Fruit de quatre années de recherche et du travail de seize institutions européennes, la carte numérique Itiner-e, publiée le 6 novembre 2025 dans la revue Scientific Data, offre une reconstitution inédite du réseau routier de l'Empire romain. Près de 300.000 km de voies ont été géolocalisées, révélant l'ampleur logistique d'un empire qui s'étendait de la Bretagne romaine aux côtes marocaines de Maurétanie Tingitane. L'Empire romain se dévoile comme jamais auparavant : un maillage de près de 300.000 kilomètres de routes, parcourant trois continents et reliant des territoires aussi éloignés que l'actuelle Angleterre, la Syrie, ou le nord du Maroc. C'est ce que révèle Itiner-e, un projet scientifique inédit dirigé par l'Université d'Aarhus (Danemark) et l'Universitat Autònoma de Barcelone, dont les résultats viennent d'être publiés dans la revue Scientific Data (groupe Nature).

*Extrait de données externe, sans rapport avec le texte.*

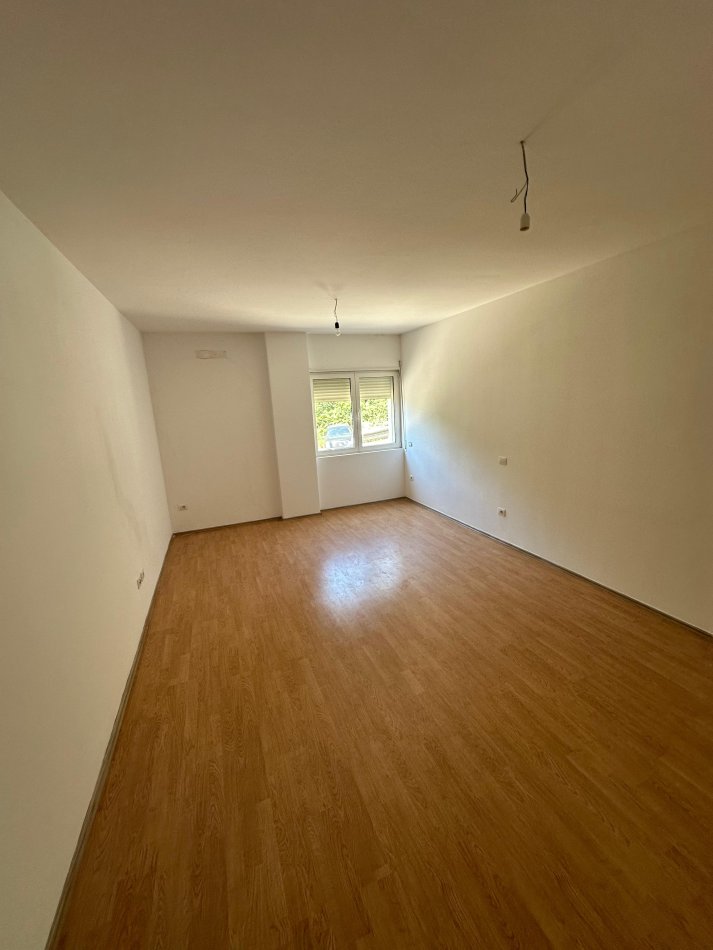 Tirane, shitet apartament 2+1+Ballkon Kati 1, 90 m² 90.000 €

Cette base de données géographique de 299.171 kilomètres redessine littéralement la carte des communications romaines. Le réseau, deux fois plus vaste que ce qu'indiquaient les estimations précédentes, couvrait environ quatre millions de kilomètres carrés et reliait entre elles les provinces de l'Empire — des rivages atlantiques du Maroc aux plaines du Levant, en passant par la péninsule Ibérique, les Alpes, la Grèce, l'Asie Mineure et l'Egypte.
La carte Itiner-e met en lumière la densité du réseau routier antique au nord du Maroc, alors intégré à la province de Maurétanie Tingitane. Les principales cités romaines — Tingis (Tanger), Lixus (Larache), Volubilis et Sala Colonia (près de Rabat) — y apparaissent reliées par des voies structurantes.
Certaines longeaient le littoral atlantique entre Tanger et Larache, d'autres pénétraient vers l'intérieur via Volubilis et le piémont du Moyen Atlas. Des segments plus diffus sont également repérés autour de Tétouan et dans le Rif, confirmant le rôle stratégique du nord marocain comme pont entre l'Afrique et l'Hispanie romaine.
Ces routes assuraient la circulation des produits agricoles et artisanaux — huile d'olive, blé, métaux, poteries — vers les ports du détroit de Gibraltar, d'où partaient les navires à destination de la péninsule Ibérique. Certaines de ces anciennes voies, note l'étude, coïncident encore aujourd'hui avec des pistes rurales ou tracés régionaux, signe d'une continuité remarquable de l'aménagement du territoire sur près de deux millénaires. Un projet scientifique et technologique d'envergure
Pour reconstituer ce réseau, les chercheurs ont combiné sources historiques et technologies modernes : textes antiques tels que l'Itinéraire d'Antonin (IIIe siècle) et la Table de Peutinger, relevés topographiques, images satellites et systèmes d'information géographique (SIG). Chaque tronçon de route a été géoréférencé, classé selon son degré de certitude, et documenté à partir d'un corpus croisant données archéologiques et bibliographiques.
Sur les 14.769 segments recensés, seuls 2,7 % sont attestés par des vestiges directs — pavages, bornes milliaires, restes d'ouvrages — tandis que près de 90 % résultent de reconstitutions fondées sur des indices archéologiques ou textuels.
L'étude distingue également deux catégories de voies : environ 103.478 km de routes principales, supports de l'administration impériale et des mouvements militaires, et 195.693 km de routes secondaires, dévolues à la circulation locale et régionale.
Au-delà de la prouesse technique, Itiner-e illustre la dimension logistique du pouvoir romain : l'Empire s'étendait sur des territoires immenses mais reliés par un maillage cohérent de routes, infrastructures et relais. Ces axes servaient au déplacement des armées et des fonctionnaires, mais aussi à la diffusion des idées, des marchandises et parfois des épidémies, comme la peste antonine dont les chercheurs ont pu retracer la propagation le long de ces voies.